→ **Activity**: Would you please transcribe, exactly as written, the lines of the entries below starting at the one that holds "Building Photo - 392 Bonito Ave" and ending at the one that holds "Novo Nucleus Solus", both included?

== Material shown

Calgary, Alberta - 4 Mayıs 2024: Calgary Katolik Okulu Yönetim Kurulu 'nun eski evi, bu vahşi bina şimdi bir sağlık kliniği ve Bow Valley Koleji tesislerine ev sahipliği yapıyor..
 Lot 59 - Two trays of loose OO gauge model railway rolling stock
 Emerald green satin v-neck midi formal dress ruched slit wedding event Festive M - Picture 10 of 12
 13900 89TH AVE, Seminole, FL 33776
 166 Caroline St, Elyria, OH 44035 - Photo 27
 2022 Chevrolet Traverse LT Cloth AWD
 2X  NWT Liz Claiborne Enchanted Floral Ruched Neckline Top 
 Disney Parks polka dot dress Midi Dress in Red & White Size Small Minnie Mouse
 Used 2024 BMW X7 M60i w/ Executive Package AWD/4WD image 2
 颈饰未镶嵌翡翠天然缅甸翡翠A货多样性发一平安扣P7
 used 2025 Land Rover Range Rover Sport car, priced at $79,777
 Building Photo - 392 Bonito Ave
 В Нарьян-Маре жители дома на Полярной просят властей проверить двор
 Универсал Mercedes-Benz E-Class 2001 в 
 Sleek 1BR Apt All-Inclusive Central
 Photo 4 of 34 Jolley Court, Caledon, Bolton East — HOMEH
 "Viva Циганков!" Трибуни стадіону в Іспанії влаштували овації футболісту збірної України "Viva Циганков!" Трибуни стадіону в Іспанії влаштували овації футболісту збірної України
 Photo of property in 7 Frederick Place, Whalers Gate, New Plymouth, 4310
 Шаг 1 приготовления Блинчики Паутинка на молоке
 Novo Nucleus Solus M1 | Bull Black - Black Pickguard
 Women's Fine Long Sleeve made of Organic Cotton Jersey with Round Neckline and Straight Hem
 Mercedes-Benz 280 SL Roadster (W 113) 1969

====

→ **Written solution**:
 Building Photo - 392 Bonito Ave
 В Нарьян-Маре жители дома на Полярной просят властей проверить двор
 Универсал Mercedes-Benz E-Class 2001 в 
 Sleek 1BR Apt All-Inclusive Central
 Photo 4 of 34 Jolley Court, Caledon, Bolton East — HOMEH
 "Viva Циганков!" Трибуни стадіону в Іспанії влаштували овації футболісту збірної України "Viva Циганков!" Трибуни стадіону в Іспанії влаштували овації футболісту збірної України
 Photo of property in 7 Frederick Place, Whalers Gate, New Plymouth, 4310
 Шаг 1 приготовления Блинчики Паутинка на молоке
 Novo Nucleus Solus M1 | Bull Black - Black Pickguard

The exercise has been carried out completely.